30

I often see passphrase suggestions written as a sentence, with spaces. In that format are they more susceptible to a dictionary attack because each word is on it's own as opposed to a large unbroken 20+ character 'blob'?

v15
  • 1,751
  • 4
  • 16
  • 18

6 Answers6

25

No (with a minor exception at the bottom).

The passphrases "correct horse battery staple" and "correcthorsebatterystaple" are equivalent entropy-wise. Choosing to put spaces in an incorrect spot or sometimes including spaces and sometimes not including spaces will give you a few extra bits of entropy; but its not worth it for the extra difficulty remembering it. You'd gain a few bits of entropy for the entire passphrase for weird spacing pattern; while just adding another word would add about 13 bits (assuming a diceware dictionary of 7776 words corresponding to 5 rolls of a six-sided dice; note that lg(65) = 12.92; lg being the base-2 logarithm). (There's no disagreement between my answer and Thomas's; an attacker would have to check for passphrases both with and without spaces unless he had extra information about whether you tended to use spaces in your passphrases).

Beware the distinction between random words and meaningful sentences. A passphrase "quantum mechanics is strange" is much lower entropy than say "heat fudge scott canopy"? Why? In meaningful English you have patterns like certain words combine frequently (quantum mechanics) or certain patterns must appear to be grammatically correct (subject, predicate, subject complement) that in principle could be exploited by a sufficiently sophisticated attacker (even though I am not aware of any cracking algorithms that currently utilize this). The informational entropy of grammatically correct written English is about 1 bit per character so the first passphrase has ~30 bits [1], while the second passphrase has about 4×12.9 ≅ 52 bits of entropy; so would take about 222≅4 million times longer to crack.

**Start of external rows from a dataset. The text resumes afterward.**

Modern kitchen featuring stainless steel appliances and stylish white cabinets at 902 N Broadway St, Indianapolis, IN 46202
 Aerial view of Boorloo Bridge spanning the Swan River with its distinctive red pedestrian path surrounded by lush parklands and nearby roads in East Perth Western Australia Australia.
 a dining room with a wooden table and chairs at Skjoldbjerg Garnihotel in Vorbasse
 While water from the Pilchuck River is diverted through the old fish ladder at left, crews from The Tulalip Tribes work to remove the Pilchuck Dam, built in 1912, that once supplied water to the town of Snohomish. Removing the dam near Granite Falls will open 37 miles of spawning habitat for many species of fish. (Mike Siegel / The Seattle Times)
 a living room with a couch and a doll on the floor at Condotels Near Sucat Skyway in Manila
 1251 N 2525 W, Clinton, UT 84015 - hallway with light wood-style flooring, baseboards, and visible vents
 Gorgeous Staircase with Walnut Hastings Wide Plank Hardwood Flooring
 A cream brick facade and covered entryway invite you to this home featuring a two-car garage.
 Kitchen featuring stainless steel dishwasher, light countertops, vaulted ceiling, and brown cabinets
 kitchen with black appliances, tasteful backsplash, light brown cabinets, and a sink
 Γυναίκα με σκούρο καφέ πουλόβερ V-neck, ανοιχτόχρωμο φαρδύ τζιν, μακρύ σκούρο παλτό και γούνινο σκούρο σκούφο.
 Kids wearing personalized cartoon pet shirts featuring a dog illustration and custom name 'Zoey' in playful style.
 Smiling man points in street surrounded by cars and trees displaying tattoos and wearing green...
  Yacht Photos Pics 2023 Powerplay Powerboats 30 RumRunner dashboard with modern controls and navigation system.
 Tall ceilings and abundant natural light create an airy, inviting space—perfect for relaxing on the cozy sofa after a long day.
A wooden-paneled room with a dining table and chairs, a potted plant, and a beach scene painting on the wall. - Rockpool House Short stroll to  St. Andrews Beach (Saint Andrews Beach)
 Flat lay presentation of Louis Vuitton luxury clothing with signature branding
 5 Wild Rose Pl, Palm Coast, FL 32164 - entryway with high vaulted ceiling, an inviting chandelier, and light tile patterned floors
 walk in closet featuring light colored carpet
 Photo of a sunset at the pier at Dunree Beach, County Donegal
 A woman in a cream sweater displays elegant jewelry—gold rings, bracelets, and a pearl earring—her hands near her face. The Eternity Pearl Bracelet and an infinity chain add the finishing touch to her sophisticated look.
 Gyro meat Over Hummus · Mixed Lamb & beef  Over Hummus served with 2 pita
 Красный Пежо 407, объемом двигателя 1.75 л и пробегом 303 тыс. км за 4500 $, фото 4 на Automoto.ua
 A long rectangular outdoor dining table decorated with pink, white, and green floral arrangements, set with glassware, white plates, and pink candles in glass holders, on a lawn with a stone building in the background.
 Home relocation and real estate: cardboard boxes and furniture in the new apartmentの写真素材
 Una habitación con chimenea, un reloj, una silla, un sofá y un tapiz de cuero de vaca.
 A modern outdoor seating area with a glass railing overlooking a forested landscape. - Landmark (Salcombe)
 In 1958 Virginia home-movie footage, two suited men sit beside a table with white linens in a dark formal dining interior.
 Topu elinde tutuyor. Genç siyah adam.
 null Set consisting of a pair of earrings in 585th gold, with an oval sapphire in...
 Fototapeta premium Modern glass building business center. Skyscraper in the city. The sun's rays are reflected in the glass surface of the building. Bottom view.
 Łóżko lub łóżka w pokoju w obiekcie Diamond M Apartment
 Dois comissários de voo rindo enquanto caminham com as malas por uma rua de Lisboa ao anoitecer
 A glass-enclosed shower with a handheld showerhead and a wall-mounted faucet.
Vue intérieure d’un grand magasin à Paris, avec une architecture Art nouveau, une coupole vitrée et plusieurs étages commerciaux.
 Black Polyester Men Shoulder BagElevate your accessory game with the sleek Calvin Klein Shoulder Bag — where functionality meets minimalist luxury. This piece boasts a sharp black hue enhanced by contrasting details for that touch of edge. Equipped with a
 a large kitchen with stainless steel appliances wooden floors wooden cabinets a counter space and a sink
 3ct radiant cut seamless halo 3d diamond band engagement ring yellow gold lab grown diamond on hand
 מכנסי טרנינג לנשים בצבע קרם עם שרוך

Be wary of incorrect analyses like http://www.baekdal.com/insights/password-security-usability that make many fundamental information theory mistakes. E.g., "this is fun" is incredibly weak being comprised of some of the most common English words in a syntatically correct sentence that is very common ('this' ~ 23rd most common; 'is' ~ 7th most common; 'fun' ~ 856th most common word) [2]. If you tested just three random words from the top 1000 english words, it would take you only 1 second to crack it, assuming a modern GPU and you have acquired the (salted) hash. This is roughly equivalent to a 5 random alphanumeric characters (not counting special symbols). If you search google for the quoted phrase "this is fun" it appears 228 million times.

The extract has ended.